EMC proposent déjà ces technologies de plus en plus performantes et continue d’investir 20% de son C.A pour faire face aux défis à venir. Mais pour le DSI, le Cloud reste un bol d’oxygène.


La sécurité: encore une option ?

Malgré la multiplication des règles de conformité, la sécurité de l’information progresse lentement. Ce que démontre l’étude en évaluant que seul un tiers des 1,8 zettaoctet de données générées en 2011 seraient “plus ou moins” sécurisés, soit environ 0,6 zettaoctets. 
C’est un chiffre alarmant car, le besoin de sécurisation des informations devrait concerner environ 50 % du volume global. Et je ne parle pas seulement des problématiques de sécurisation d’accès, mais aussi et surtout de la protection de ces données au sein de l’entreprise.


Big Data : quand un « Tsunami » de donnée se transforme en mine d’informations.


Pour IDC, le phénomène Big Data est une réalité qui devient plus visible et se répand grâce à la baisse des coûts du stockage, des technologies de capture de l’information, et aux solutions modernes d’analyse des données.

« Big Data ne concerne ni la création de contenu, ni sa consommation. Il s’agit d’analyser toutes les informations liées au contenu » précise IDC.

 

« Big data technologies describe a new generation of technologies and architectures, 

designed to economically extract value from very large volumes of a wide variety of data, 

by enabling high-velocity capture, discovery, and/or analysis » 

 

Pas nouveau ? Pas si certain car nous évoluons depuis une trentaine d’années dans un monde ou les données sont générées par l’entreprise elle-même. Le changement radical aujourd’hui est que la performance de l’entreprise vient de plus en plus de sa capacité à agréger des données extérieures. Regardez ce qu’il se passe pour l’intelligence économique… Sans tenir compte de cet afflux de données nos clients observent déjà une augmentation de +50 % à +60 % des données dans leur système d’exploitation

Ces données extérieures sont pour la plupart non-structurées. Et bien 90% de l’explosion à venir vient des ces données d’un nouveau type.

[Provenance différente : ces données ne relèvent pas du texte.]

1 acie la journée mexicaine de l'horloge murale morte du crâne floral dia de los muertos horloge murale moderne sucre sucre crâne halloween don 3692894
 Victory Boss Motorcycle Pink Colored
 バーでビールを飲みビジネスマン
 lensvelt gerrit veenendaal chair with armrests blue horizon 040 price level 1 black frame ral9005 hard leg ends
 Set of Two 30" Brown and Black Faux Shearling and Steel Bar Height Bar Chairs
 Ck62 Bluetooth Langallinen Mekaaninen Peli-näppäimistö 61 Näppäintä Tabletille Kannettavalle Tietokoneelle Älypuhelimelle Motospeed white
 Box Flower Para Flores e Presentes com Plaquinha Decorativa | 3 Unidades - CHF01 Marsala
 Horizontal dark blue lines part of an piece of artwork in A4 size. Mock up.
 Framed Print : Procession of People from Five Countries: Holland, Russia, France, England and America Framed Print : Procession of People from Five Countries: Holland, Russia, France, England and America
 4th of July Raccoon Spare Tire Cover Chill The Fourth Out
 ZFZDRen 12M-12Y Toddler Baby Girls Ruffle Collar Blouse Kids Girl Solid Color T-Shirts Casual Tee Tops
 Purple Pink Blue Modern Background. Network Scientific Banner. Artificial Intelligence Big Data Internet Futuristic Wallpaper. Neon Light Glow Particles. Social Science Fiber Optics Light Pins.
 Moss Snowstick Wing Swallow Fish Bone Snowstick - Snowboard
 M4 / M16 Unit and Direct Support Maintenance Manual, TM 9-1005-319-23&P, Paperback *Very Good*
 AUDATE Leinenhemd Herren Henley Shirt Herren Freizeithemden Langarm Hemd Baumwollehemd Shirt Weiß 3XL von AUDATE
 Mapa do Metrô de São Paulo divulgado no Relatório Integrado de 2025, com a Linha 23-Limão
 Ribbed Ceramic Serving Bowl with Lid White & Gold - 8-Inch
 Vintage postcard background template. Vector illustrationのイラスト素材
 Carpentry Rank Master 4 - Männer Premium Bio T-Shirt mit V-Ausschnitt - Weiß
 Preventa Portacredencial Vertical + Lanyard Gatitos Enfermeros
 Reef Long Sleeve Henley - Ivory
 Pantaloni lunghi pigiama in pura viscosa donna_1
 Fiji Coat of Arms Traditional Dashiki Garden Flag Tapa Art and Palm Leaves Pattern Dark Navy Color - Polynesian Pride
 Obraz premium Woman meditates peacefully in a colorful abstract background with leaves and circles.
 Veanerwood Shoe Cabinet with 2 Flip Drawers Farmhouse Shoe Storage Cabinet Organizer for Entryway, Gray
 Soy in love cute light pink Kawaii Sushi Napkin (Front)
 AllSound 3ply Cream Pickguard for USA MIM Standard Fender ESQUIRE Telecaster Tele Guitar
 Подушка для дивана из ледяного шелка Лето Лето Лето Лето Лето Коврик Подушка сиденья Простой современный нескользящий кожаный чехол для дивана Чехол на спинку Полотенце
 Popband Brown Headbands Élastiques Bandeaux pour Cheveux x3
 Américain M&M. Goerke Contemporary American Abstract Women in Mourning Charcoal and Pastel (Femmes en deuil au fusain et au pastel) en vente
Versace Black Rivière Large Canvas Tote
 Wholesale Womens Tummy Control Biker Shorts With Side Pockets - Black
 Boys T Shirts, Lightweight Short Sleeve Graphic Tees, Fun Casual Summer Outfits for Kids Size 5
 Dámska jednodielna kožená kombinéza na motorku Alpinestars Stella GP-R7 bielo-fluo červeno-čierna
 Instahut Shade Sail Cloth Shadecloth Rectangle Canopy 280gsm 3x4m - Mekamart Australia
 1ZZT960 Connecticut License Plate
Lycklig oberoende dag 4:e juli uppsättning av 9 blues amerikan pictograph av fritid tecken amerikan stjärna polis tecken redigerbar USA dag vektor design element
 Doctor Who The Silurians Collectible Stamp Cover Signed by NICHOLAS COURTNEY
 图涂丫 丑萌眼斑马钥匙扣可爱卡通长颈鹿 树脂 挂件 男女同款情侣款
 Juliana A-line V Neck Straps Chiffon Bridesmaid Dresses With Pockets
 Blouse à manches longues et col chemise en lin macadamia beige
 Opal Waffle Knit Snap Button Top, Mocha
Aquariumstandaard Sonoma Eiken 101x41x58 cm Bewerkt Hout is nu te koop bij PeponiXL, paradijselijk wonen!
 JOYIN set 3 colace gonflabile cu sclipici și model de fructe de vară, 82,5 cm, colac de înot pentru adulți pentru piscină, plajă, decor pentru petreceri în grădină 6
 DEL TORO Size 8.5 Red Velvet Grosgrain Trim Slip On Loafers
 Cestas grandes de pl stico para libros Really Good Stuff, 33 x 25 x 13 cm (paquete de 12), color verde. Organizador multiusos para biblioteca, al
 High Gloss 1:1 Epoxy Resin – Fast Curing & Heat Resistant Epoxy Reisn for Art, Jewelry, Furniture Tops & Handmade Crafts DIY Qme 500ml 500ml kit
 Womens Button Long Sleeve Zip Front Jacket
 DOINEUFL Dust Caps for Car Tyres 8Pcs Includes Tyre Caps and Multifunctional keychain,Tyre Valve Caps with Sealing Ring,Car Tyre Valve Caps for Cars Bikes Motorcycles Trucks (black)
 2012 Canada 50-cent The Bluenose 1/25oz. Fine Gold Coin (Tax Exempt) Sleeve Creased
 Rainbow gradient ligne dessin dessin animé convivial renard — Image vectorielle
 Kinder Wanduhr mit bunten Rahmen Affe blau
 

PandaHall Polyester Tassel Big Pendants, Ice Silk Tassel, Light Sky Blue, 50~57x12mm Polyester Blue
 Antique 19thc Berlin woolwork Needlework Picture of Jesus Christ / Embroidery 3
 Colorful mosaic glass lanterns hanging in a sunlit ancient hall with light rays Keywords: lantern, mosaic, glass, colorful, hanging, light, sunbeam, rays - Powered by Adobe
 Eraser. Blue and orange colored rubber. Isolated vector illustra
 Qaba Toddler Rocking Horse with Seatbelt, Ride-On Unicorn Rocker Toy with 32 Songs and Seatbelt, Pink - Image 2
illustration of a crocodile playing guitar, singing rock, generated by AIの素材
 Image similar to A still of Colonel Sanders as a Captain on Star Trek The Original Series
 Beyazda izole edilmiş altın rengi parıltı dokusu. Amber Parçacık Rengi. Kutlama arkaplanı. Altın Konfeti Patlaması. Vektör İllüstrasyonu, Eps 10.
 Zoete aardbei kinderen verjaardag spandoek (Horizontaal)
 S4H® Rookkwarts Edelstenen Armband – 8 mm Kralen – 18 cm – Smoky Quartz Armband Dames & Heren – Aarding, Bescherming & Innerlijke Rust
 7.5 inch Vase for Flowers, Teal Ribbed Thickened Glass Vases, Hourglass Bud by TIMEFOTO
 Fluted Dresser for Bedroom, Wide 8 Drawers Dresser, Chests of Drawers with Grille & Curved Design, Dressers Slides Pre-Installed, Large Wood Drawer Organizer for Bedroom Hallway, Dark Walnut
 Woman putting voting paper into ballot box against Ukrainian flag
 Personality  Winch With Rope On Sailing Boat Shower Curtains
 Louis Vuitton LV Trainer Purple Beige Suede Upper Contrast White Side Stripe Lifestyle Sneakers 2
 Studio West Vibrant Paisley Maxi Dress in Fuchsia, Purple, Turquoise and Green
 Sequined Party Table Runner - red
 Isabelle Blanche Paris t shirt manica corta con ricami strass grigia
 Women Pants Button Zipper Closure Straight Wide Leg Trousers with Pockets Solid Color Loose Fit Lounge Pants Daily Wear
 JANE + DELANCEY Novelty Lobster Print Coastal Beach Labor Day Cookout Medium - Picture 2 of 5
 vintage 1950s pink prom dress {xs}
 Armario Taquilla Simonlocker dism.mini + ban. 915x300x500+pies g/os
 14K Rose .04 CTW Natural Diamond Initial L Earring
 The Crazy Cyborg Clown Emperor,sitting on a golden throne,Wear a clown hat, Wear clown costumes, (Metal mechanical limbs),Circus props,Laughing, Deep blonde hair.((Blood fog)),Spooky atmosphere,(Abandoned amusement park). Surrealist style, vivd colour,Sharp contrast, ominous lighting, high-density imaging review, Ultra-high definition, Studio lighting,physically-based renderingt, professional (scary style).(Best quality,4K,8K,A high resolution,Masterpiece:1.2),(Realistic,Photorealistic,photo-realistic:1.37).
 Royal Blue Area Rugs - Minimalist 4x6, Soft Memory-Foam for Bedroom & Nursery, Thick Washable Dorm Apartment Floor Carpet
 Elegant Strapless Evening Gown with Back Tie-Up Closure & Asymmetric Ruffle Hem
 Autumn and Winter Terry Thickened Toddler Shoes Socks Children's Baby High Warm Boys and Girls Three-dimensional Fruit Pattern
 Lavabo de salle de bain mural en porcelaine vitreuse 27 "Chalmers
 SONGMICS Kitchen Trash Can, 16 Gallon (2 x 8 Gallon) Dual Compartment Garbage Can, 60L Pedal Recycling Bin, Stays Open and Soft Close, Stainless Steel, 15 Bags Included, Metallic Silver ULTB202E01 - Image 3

Quel intérêt ? Prenons un exemple, jusqu’à présent, un responsable marketing dans le B2C exécutait des analyses et organisait son CRM autour des données clients disponibles au sein du système d’information. Aujourd’hui, il doit en plus prendre en compte les informations présentes au travers de sources externes : dans les réseaux sociaux pour effectuer des agrégations/corrélations, des analyses comportementales, de la géolocalisation, des études macro ou micro économiques, des résultats de recherches démographiques, etc. 

Le Big Data n’est pas un nouveau « buzz » marketing mais une nouvelle étape dans la transformation de la donnée en information métier et de sa valorisation. A un niveau plus stratégique on peut se dire que le Big Data sera une véritable prime à la performance de l’entreprise.

Le triptyque Big Data d’EMC : Stocker, Interpréter et Valoriser.

Il devient donc de plus en plus nécessaire d’avoir recours à des solutions adaptées à ces nouveaux enjeux. EMC se positionne fermement sur Big Data après notre acquisition de Greenplum pour proposer un logiciel de base de données, scalable et massivement parallèle, et des appliances de datawarehouse haut de gamme, complétées par des technologies d’optimisation du stockage « scale-out » comme Isilon ou les gammes VNX et VMAX dans une approche traditionnelle.

Pour finir parlons de valorisation avec des outils de gestion de contenu comme Documentum permettant de mettre l’information à la disposition de ceux qui ont en ont besoins pour prendre leurs décisions au quotidien.